I owned and raced a Force Five for many years. I won't repeat much of what others have commented upon as it is mostly accurate. I thought the boat was great but want to mention a couple of additional points. First, the boat is definetely slower than a Laser notwithstanding the larger sail plan of the Force Five. Second, the larger sail plan made the Force Five a bit to handle for a lightweight like myself in a breeze (I'm about 155 lbs). Of course, in a breeze, someone my weight also struggles with a Laser. Third, and related to the second point, putting the mast up in a breeze by yourself can be somewhat of a struggle. 

Mike
s/v Liberty
Tartan 34C


----------



## TSOJOURNER (Dec 16, 1999)

Very useful information.

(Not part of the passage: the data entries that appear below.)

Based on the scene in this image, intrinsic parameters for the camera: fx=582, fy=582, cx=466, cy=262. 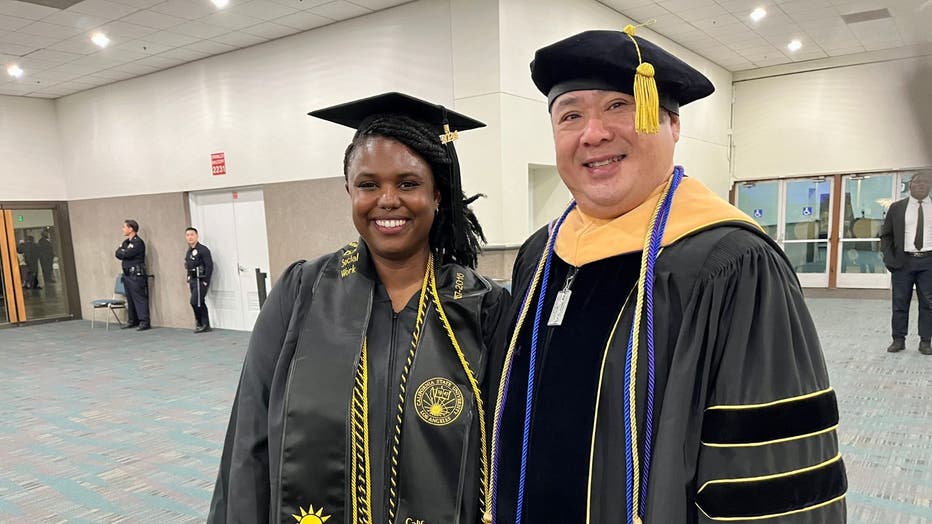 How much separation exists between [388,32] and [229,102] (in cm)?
261

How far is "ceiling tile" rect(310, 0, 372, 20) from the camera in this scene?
556 cm

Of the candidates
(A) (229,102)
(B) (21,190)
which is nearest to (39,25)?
(A) (229,102)

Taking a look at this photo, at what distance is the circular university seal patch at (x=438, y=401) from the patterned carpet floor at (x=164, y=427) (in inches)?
86.4

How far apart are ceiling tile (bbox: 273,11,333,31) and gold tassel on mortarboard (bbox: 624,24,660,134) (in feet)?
17.8

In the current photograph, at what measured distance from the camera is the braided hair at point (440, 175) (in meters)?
1.43

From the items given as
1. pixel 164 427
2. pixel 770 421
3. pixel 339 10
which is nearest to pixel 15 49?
pixel 339 10

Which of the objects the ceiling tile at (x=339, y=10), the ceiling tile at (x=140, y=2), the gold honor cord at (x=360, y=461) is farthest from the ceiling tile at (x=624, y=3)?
the gold honor cord at (x=360, y=461)

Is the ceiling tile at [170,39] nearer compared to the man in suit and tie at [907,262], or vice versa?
the man in suit and tie at [907,262]

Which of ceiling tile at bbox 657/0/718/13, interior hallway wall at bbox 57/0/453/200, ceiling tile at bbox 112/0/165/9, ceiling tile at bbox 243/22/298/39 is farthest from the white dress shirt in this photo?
ceiling tile at bbox 112/0/165/9

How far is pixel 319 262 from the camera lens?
1.50 meters

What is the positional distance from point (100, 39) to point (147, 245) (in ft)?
10.5

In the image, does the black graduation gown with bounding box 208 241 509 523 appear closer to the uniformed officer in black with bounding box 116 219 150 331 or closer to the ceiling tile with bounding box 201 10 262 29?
the ceiling tile with bounding box 201 10 262 29

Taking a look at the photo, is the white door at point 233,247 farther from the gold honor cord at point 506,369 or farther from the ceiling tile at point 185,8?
the gold honor cord at point 506,369

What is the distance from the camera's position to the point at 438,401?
1329mm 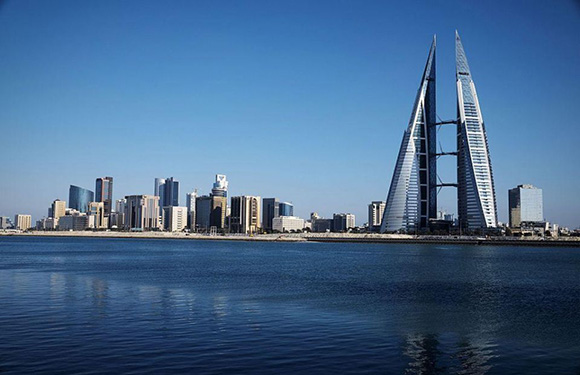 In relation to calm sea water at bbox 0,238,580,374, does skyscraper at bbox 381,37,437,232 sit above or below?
above

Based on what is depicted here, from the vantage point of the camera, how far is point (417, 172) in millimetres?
167500

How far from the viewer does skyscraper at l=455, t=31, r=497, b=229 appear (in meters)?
153

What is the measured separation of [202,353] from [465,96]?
15766cm

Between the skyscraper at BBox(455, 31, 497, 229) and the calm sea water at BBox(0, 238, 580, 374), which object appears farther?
the skyscraper at BBox(455, 31, 497, 229)

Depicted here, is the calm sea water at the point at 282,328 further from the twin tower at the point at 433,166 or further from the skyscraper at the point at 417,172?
the skyscraper at the point at 417,172

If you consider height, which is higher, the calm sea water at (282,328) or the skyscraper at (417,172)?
the skyscraper at (417,172)

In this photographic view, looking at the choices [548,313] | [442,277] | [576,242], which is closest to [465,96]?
[576,242]

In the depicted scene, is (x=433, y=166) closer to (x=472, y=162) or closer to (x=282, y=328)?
(x=472, y=162)

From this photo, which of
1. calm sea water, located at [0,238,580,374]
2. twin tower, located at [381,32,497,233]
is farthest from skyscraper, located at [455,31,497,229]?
calm sea water, located at [0,238,580,374]

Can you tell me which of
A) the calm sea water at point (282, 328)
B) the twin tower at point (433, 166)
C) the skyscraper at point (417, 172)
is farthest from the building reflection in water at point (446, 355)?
the skyscraper at point (417, 172)

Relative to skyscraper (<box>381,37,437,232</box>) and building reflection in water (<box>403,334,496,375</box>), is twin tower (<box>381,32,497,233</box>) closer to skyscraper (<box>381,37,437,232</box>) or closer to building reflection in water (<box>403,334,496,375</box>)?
skyscraper (<box>381,37,437,232</box>)

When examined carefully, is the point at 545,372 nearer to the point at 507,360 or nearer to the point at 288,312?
the point at 507,360

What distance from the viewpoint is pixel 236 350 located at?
16188 mm

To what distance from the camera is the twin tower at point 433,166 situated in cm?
15412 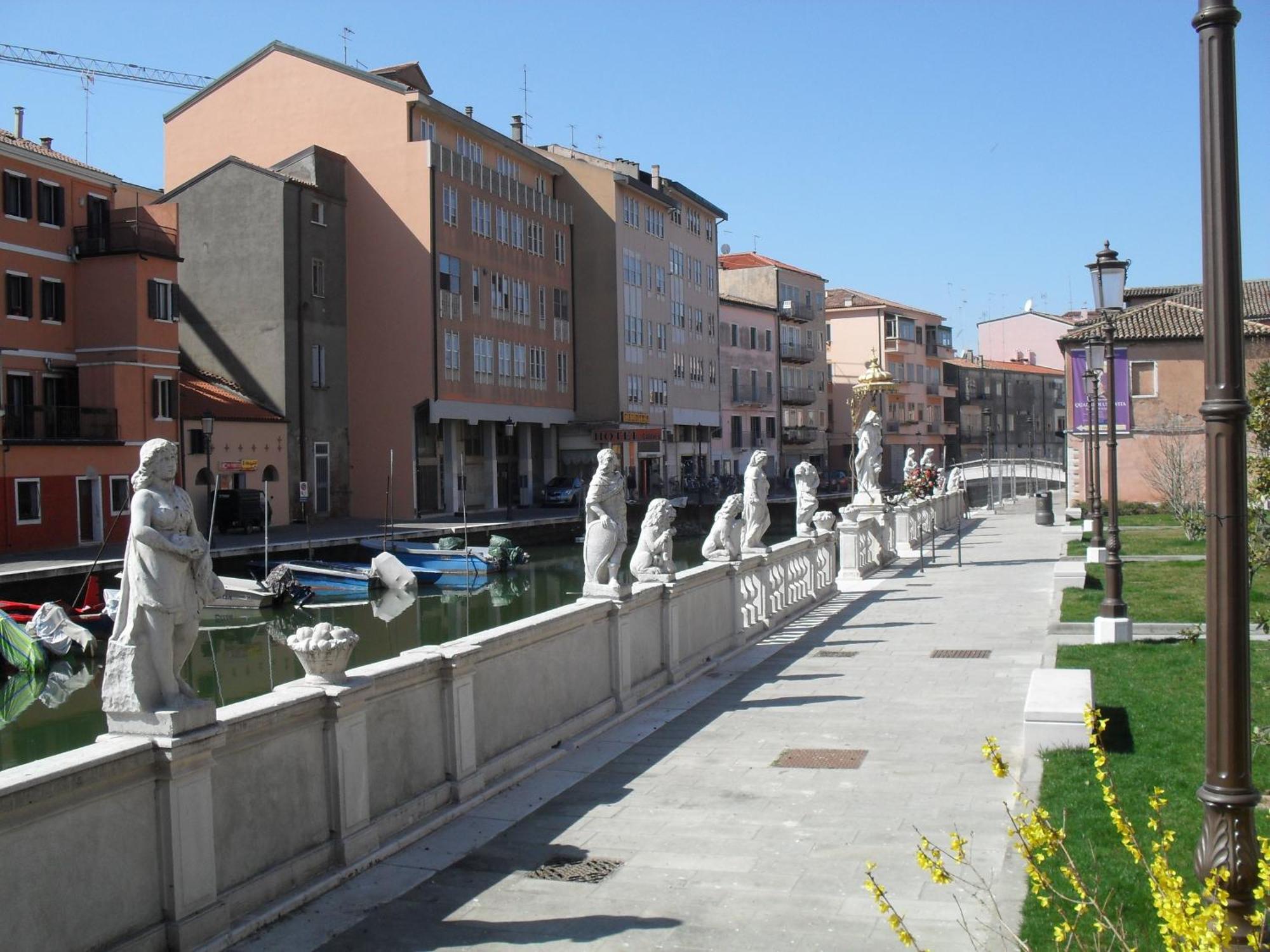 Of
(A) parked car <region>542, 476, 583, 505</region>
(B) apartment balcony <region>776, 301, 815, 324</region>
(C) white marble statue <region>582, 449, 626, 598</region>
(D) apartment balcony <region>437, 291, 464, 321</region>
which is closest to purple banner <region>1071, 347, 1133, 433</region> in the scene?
(A) parked car <region>542, 476, 583, 505</region>

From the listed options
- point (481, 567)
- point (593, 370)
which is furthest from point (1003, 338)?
point (481, 567)

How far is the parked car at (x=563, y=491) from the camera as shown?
190 ft

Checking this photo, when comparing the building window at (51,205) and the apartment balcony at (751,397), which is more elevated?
the building window at (51,205)

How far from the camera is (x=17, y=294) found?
37.4 meters

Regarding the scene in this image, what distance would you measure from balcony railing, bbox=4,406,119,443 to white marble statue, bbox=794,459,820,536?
23070 mm

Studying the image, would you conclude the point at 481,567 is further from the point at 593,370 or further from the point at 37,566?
the point at 593,370

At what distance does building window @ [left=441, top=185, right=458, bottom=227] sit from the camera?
5138cm

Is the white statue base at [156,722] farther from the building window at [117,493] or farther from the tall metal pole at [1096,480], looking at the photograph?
the building window at [117,493]

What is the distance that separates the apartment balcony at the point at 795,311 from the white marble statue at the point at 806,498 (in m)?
61.8

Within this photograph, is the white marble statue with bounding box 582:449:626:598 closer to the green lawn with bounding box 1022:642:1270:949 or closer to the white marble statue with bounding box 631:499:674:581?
the white marble statue with bounding box 631:499:674:581

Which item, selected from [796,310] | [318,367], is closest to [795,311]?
[796,310]

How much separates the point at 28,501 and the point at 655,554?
28433 millimetres

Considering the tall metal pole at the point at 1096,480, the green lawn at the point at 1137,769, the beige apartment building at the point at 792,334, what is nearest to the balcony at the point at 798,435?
the beige apartment building at the point at 792,334

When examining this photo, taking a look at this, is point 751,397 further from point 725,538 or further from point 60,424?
point 725,538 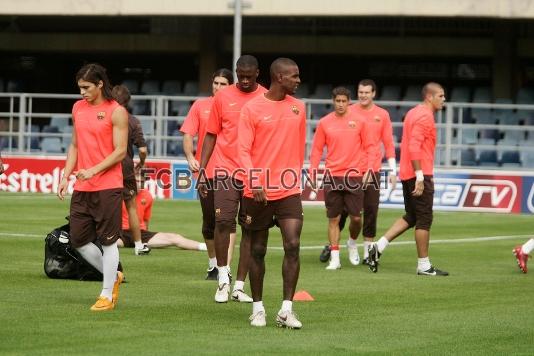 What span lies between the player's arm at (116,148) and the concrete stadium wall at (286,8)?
827 inches

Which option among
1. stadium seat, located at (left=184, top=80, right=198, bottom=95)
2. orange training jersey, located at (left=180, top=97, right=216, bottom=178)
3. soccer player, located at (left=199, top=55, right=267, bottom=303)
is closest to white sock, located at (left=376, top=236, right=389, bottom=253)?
orange training jersey, located at (left=180, top=97, right=216, bottom=178)

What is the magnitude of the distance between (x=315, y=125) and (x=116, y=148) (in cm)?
1924

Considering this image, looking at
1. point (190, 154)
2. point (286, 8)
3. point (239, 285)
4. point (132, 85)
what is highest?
point (286, 8)

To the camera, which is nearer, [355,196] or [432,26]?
[355,196]

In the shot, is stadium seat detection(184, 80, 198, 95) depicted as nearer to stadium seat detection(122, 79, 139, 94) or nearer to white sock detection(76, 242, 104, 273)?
stadium seat detection(122, 79, 139, 94)

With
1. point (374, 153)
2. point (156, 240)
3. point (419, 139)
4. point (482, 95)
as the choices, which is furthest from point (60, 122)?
point (419, 139)

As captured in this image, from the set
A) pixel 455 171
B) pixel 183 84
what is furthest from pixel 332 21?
pixel 455 171

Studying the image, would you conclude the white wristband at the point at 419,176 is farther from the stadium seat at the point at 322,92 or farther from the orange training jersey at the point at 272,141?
the stadium seat at the point at 322,92

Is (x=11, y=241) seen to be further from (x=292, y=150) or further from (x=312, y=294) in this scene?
(x=292, y=150)

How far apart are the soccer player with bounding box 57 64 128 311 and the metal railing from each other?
16381mm

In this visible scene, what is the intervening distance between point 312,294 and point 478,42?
25422 mm

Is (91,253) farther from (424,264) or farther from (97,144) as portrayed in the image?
(424,264)

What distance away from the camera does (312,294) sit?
1398 centimetres

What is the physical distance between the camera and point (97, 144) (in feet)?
40.4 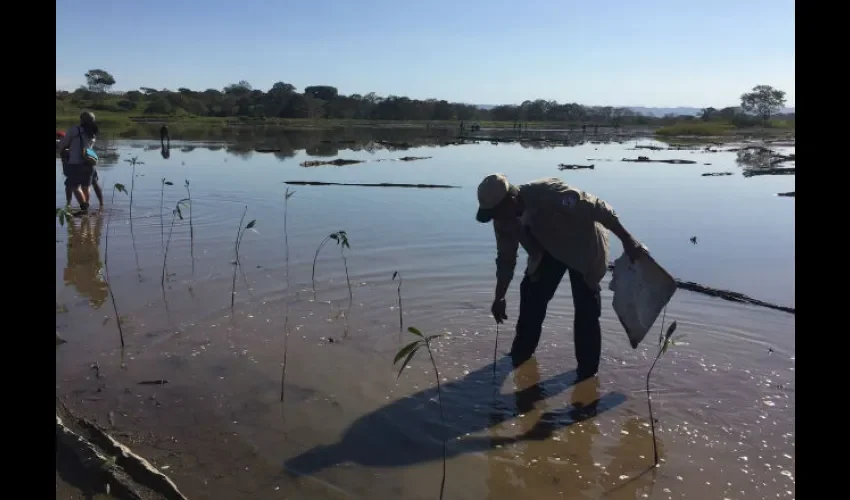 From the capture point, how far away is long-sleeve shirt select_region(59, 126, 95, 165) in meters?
9.62

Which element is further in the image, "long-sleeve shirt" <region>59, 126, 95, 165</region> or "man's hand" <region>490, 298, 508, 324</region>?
"long-sleeve shirt" <region>59, 126, 95, 165</region>

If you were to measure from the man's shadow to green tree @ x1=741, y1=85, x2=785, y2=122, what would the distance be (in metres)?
72.8

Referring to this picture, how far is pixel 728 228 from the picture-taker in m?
9.95

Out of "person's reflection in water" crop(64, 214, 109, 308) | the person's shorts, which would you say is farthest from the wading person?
the person's shorts

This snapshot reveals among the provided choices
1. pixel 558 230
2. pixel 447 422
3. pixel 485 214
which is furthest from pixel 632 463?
pixel 485 214

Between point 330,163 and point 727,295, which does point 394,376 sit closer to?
point 727,295

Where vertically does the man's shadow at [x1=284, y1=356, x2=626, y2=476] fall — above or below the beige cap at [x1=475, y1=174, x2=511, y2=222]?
below

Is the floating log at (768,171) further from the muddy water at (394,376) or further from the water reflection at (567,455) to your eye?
the water reflection at (567,455)

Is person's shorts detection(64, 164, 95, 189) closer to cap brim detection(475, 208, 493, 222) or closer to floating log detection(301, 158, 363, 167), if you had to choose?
cap brim detection(475, 208, 493, 222)

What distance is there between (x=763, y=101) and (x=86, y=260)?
7860cm

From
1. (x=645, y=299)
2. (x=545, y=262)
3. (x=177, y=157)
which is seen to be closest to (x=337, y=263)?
(x=545, y=262)

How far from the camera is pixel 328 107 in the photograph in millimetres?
66938

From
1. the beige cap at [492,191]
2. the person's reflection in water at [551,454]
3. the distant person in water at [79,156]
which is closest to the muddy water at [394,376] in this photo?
the person's reflection in water at [551,454]

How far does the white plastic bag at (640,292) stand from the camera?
4191 mm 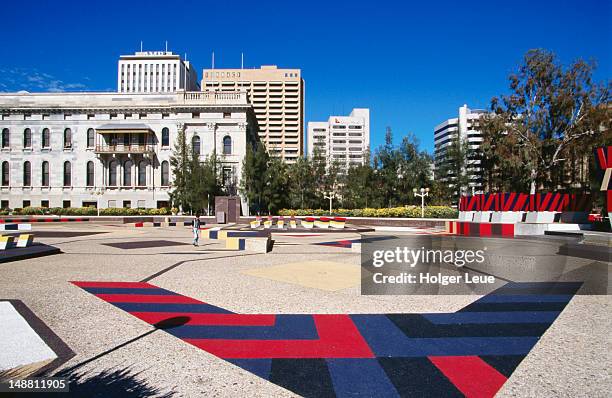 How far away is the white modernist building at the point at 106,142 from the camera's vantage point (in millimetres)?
57406

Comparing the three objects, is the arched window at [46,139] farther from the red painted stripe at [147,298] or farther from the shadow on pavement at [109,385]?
the shadow on pavement at [109,385]

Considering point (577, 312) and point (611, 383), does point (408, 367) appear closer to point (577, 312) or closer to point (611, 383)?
point (611, 383)

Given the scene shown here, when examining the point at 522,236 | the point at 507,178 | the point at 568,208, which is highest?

How would you say this boat compares to say, a Zuma or a Hobie Holder 12? Or a Pico? The only thing I don't like about the boats that use a sleeve sail is that it is sure nice to raise a mast, and then raise the sail with a halyard. Also makes it possible to drop the sail while still in the water, such as at a dock or mooring.


----------



## djodenda (Mar 4, 2006)

Yep.. The sleeve type sail is a pain... Simple and efficient, but not a s easy to raise/lower.


----------



## Classic30 (Aug 29, 2007)

dndrich said:


> Yeah, but I really want to avoid that. I plan to single hand it, and lifting a 145 pound boat onto the top of my Honda just won't work for me!
> 
> So, a trailer is a must. Doesn't have to be pretty, but solid.


If you want a single handed fast boat, with halyards and trailerable that will keep up with the Lasers - buy an IMPULSE!!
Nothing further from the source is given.